Moscow Times haber sitesinin aktardığına göre, Rusya'nın Federal Güvenlik Servisi (FSB), mart ayında başkent Moskova'daki Crocus City Hall konser salonuna DEAŞ tarafından düzenlenen ve 145 kişinin hayatını kaybettiği silahlı saldırıyla bağlantılı olarak nisan ayında Dağıstan'da dört şüpheliyi gözaltına aldığını duyurmuştu.

Dağıstan Valisi Sergei Melikov, "uyuyan hücrelerin tümü açığa çıkarılana kadar" soruşturmanın süreceğini söyledi. Devlet haber ajansı Tass ise Dağıstanlı bir yetkilinin, saldırıya katılanlar arasında oğlu bulunduğu gerekçesiyle tutuklandığını aktardı.

Olay sonrası bölgede 3 gün yas ilan edildi.

Vali Melikov sosyal medya sitesi Telegram'dan yaptığı açıklamada, "Terör saldırısının arkasında ne olduğunu ve amaçlarını biliyoruz" dedi. Ukrayna savaşına işaret eden Melikov, "Savaşın evlerimize geldiğini anlamalıyız. Bugün bununla yüzleştik" ifadelerini kullandı.

Rusya Devlet Başkanı Vladimir Putin'in en büyük destekçilerinden olan Rus Ortodoks Patriği Kirill de "düşmanın dinler arası barışı bozmak istediğini" söyledi, ancak kimi suçladığına dair daha fazla detay vermedi. TASS ise saldırganların "uluslararası bir terör organizasyonunun destekçileri" olduğunu aktardı.

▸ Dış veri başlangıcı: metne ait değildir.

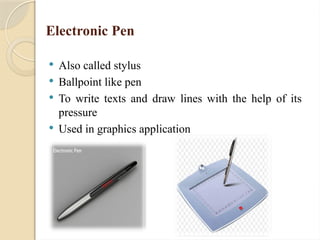 Electronic Pen
 Also called stylus
 Ballpoint like pen
 To write texts and draw lines with the help of its
pressure
 Used in graphics application
 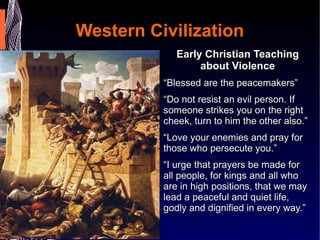 Western Civilization Early Christian Teaching about Violence “ Blessed are the peacemakers” “ Do not resist an evil person. If someone strikes you on the right cheek, turn to him the other also.” “ Love your enemies and pray for those who persecute you.” “ I urge that prayers be made for all people, for kings and all who are in high positions, that we may lead a peaceful and quiet life, godly and dignified in every way.” 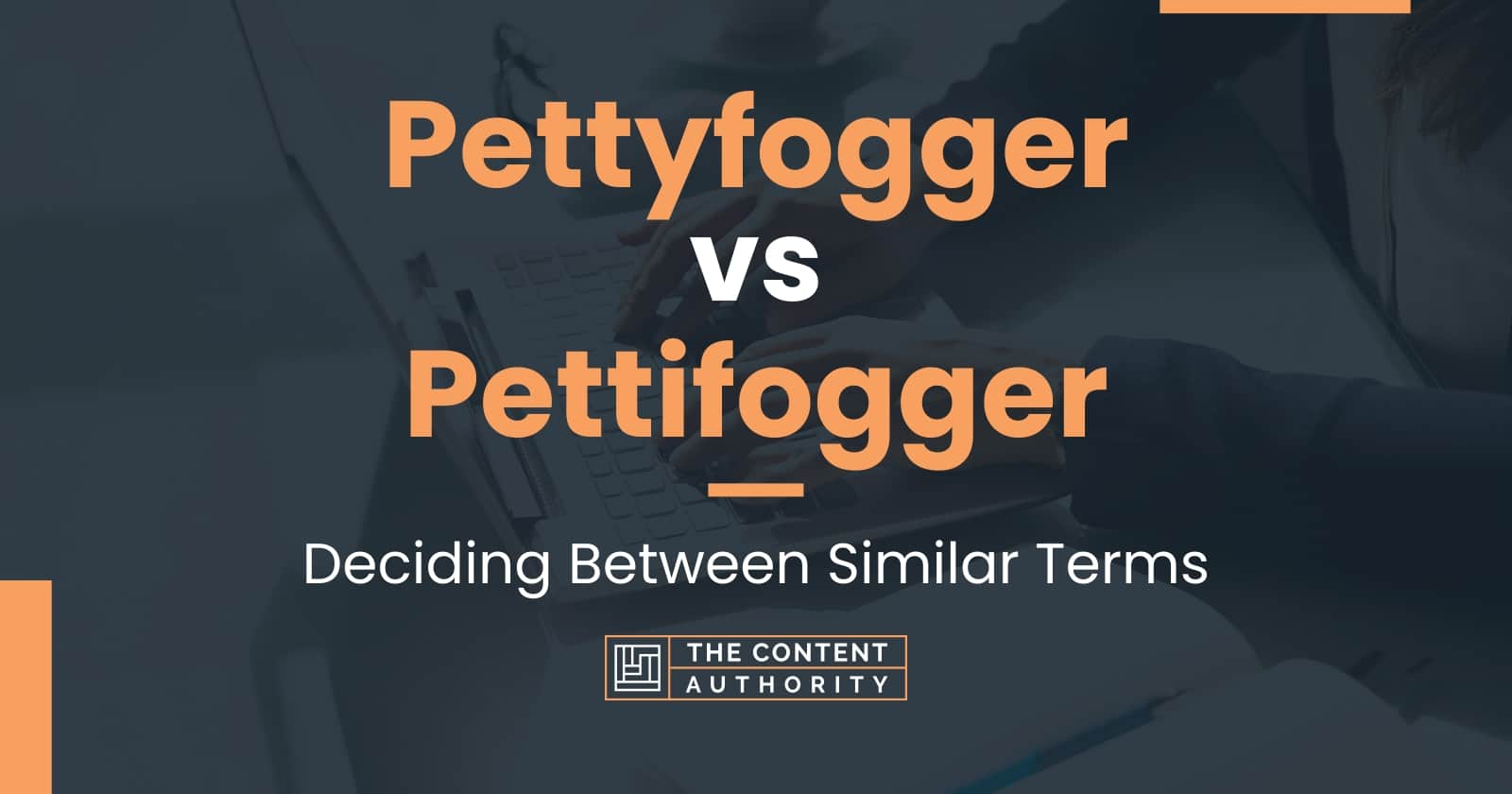 Pettyfogger vs Pettifogger: Deciding Between Similar Terms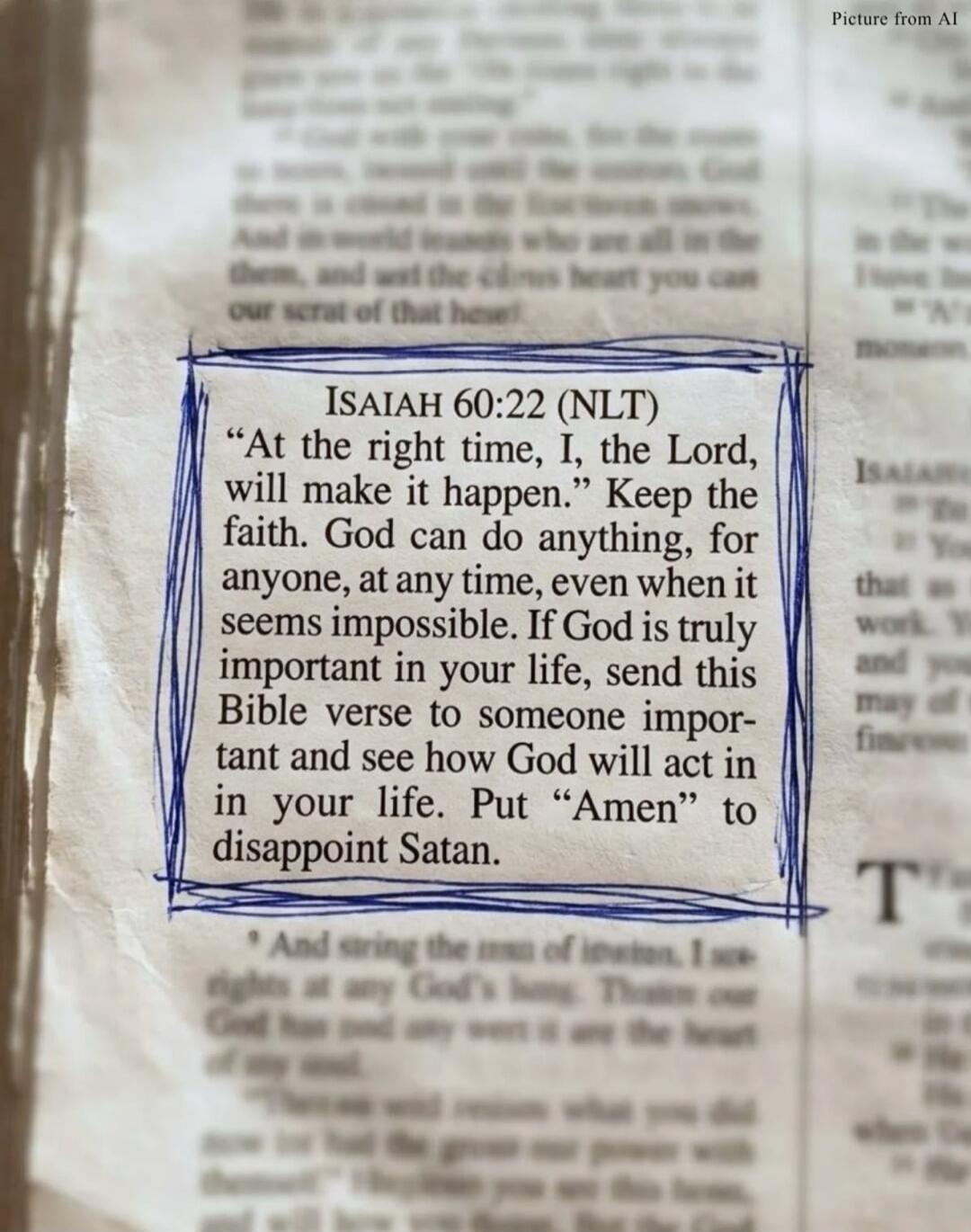 ISAIAH 60:22 (NLT) “At the right time, I, the Lord, will make it happen.” Keep the faith. God can do anything, for anyone, at any time, even when it seems impossible. If God is truly important in your life, send this Bible verse to someone important and see how God will act in your life. Put “Amen” to disappoint Satan.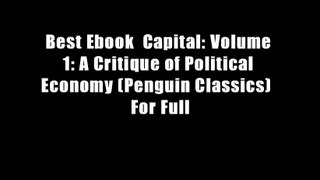 Best Ebook  Capital: Volume 1: A Critique of Political Economy (Penguin Classics)  For Full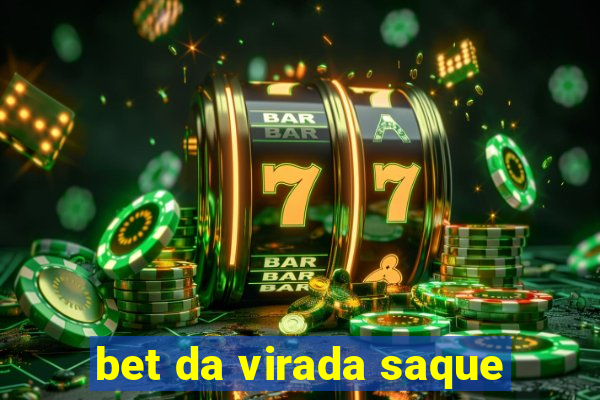 bet da virada saque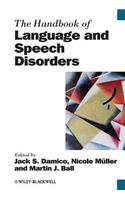 Handbook of Language and Speech Disorders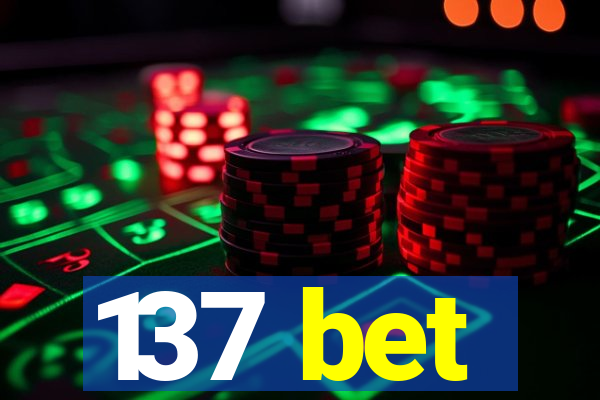 137 bet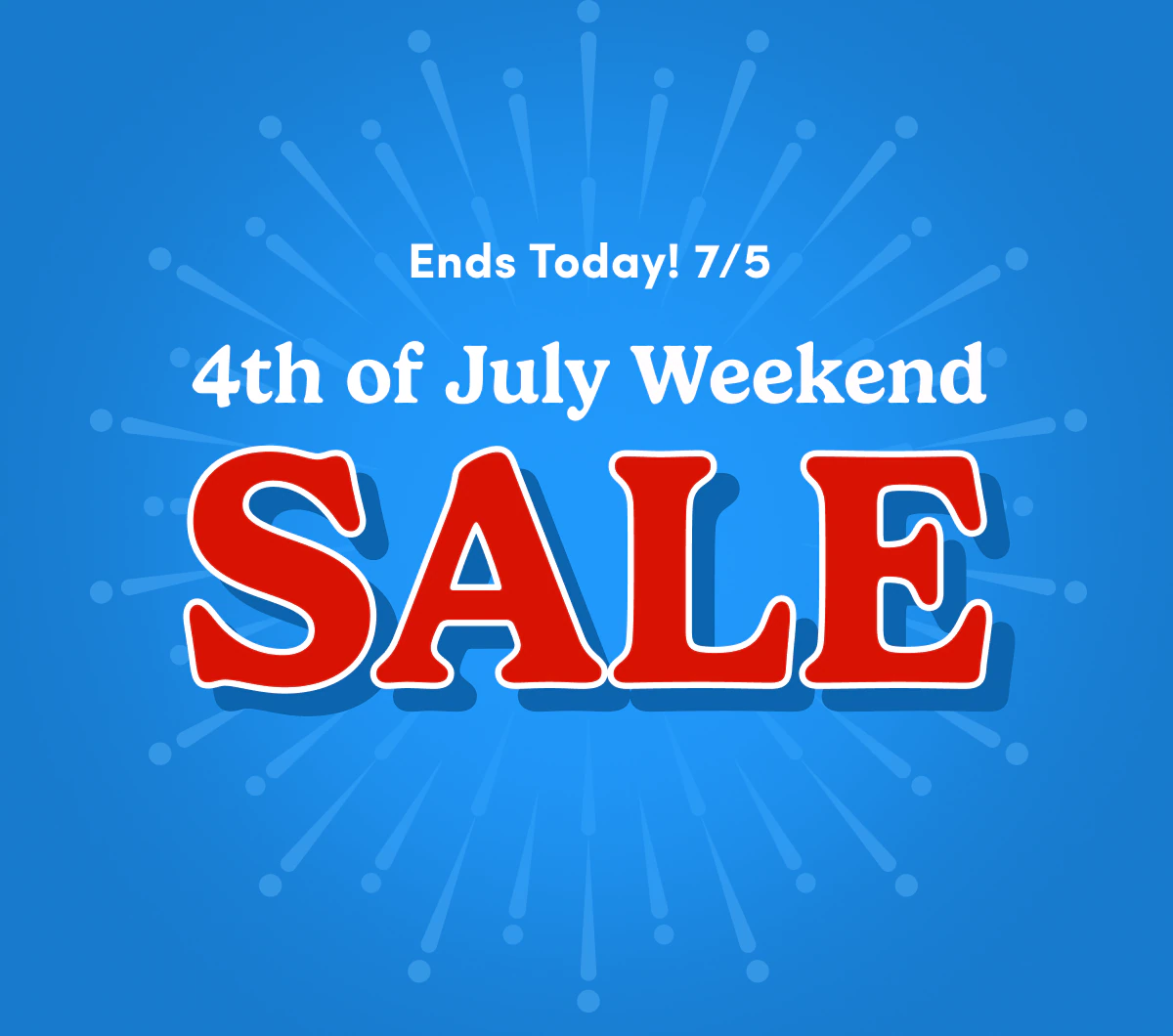 Ends Today! 7/5 | 4th of July Weekend | SALE
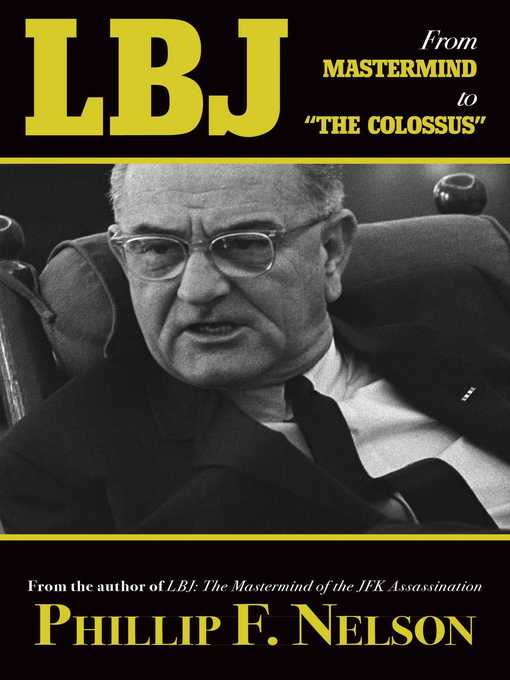 Title details for LBJ: From Mastermind to "The Colossus" by Phillip F. Nelson - Wait list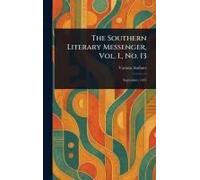 The Southern Literary Messenger, Vol. I., No. 13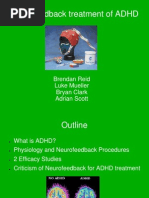 Neurofeedback Treatment of ADHD: Brendan Reid Luke Mueller Bryan Clark Adrian Scott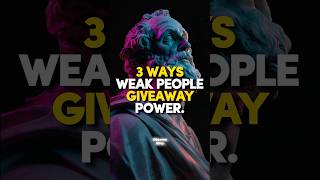 3 Ways Weak People Give Away Power | Stoicism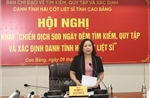 Chiến dịch 500 ngày đêm: Cao Bằng nỗ lực tìm lại tên cho 670 liệt sĩ chưa xác định danh tính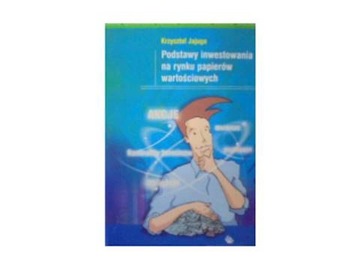 Podstawy inwestowania na rynku papierów wartościow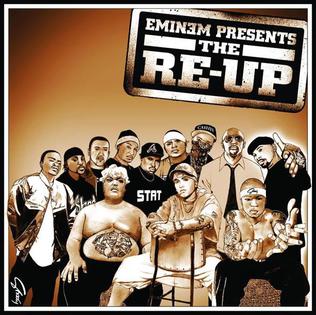 <i>Eminem Presents: The Re-Up</i> 2006 compilation album by Shady Records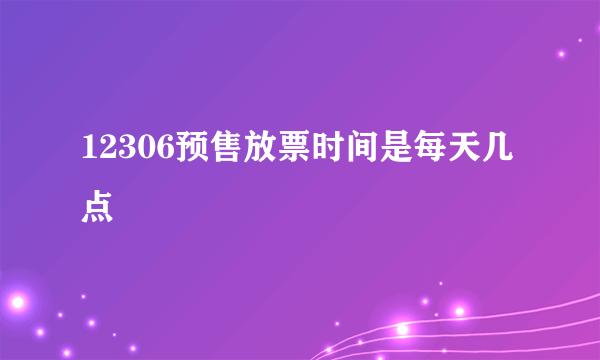 12306预售放票时间是每天几点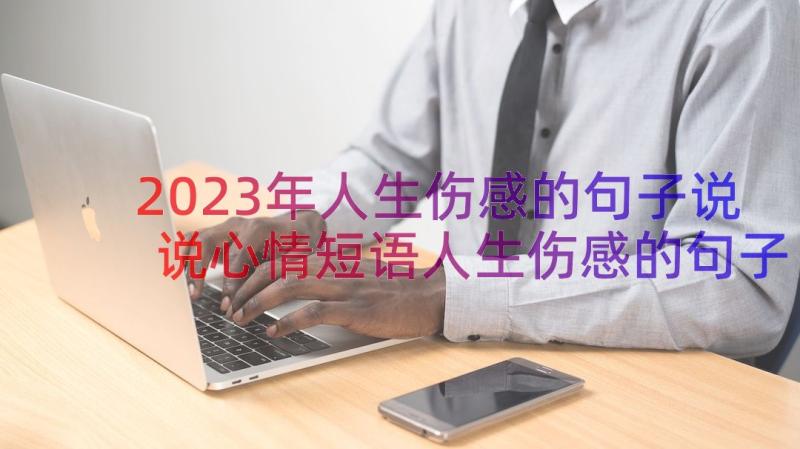 2023年人生伤感的句子说说心情短语人生伤感的句子说说心情(实用16篇)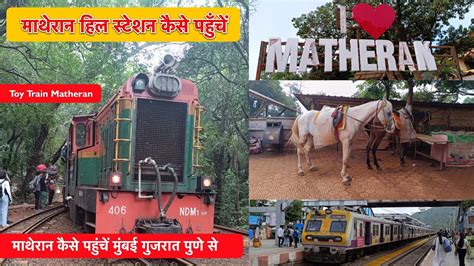 How To Reach Matheran Hill Station Toy Train Matheran Matheran Hill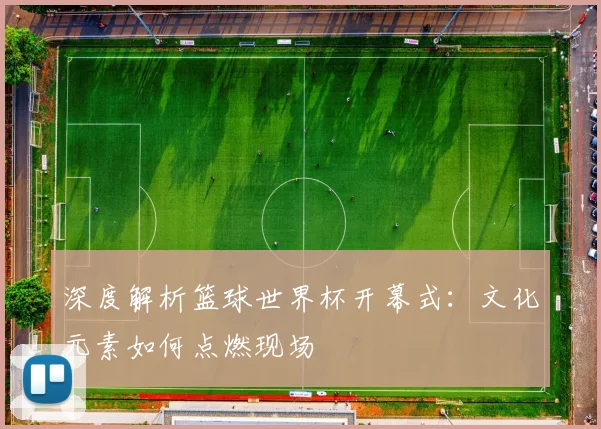 深度解析篮球世界杯开幕式:文化元素如何点燃现场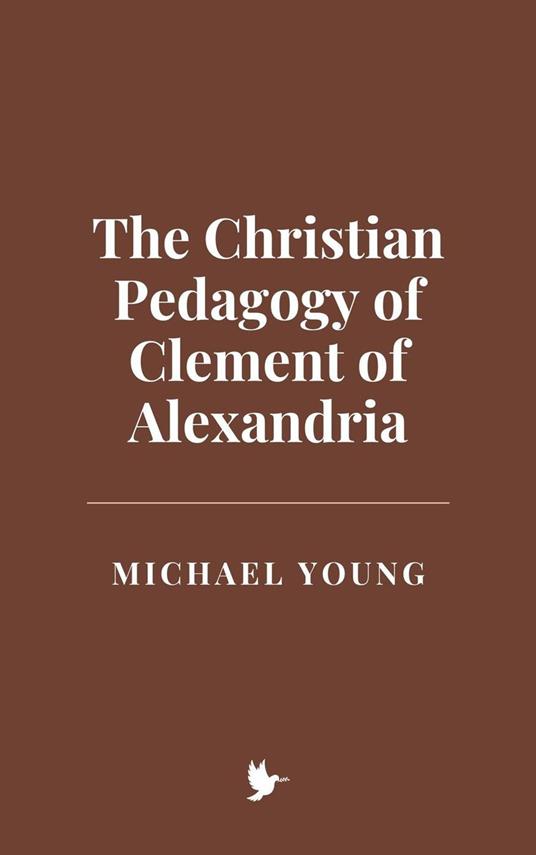 The Christian Pedagogy of Clement of Alexandria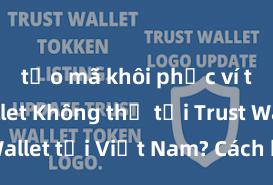 tạo mã khôi phục ví trust wallet Không thể tải Trust Wallet tại Việt Nam? Cách khắc phục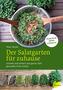 Der Salatgarten für zuhause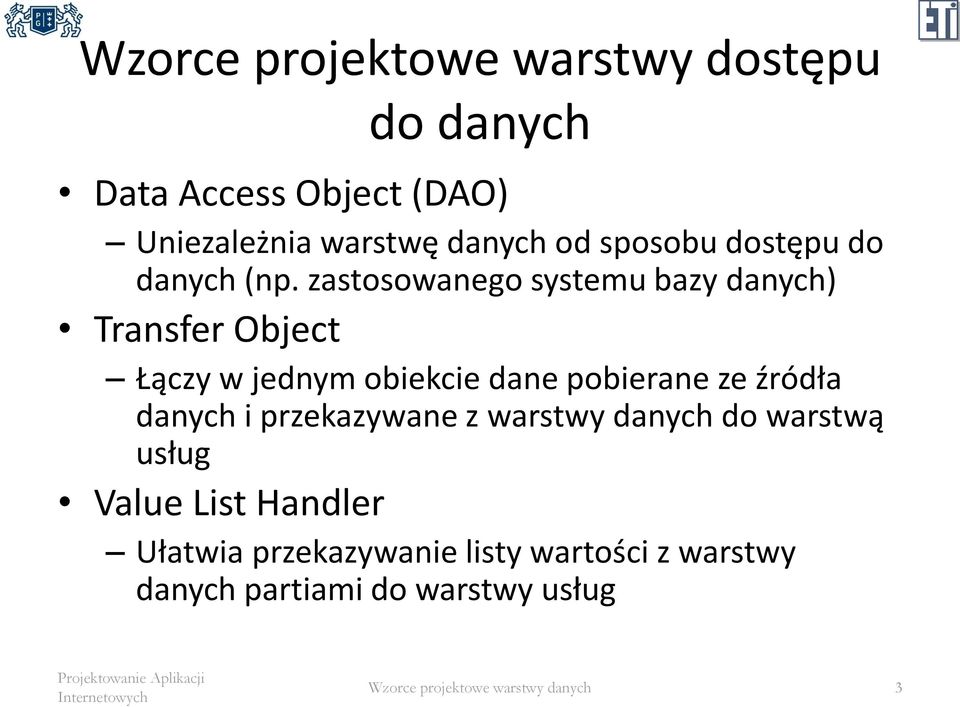 zastosowanego systemu bazy danych) Transfer Object Łączy w jednym obiekcie dane pobierane ze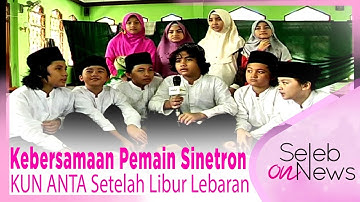 Beginilah Kebersamaan Pemain Sinetron KUN ANTA Setelah Libur Lebaran !! - SELEB ON NEWS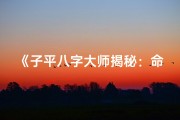 《子平八字大师揭秘：命理学的智慧传承》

Saldırıyı henüz üstlenen olmadı. Mart ayında terör örgütü DEAŞ, Moskova yakınlarında "Crocus City Hall" adlı konser salonuna saldırı düzenlemiş, olayda 145 kişi yaşamını yitirmişti. Saldırıyı DEAŞ’ın üstlenmesine rağmen Rus yetkililer, bir kanıt göstermeden Ukrayna'yı suçladı. Kiev yönetimi saldırıyla ilgisi olduğu iddiasını reddediyor.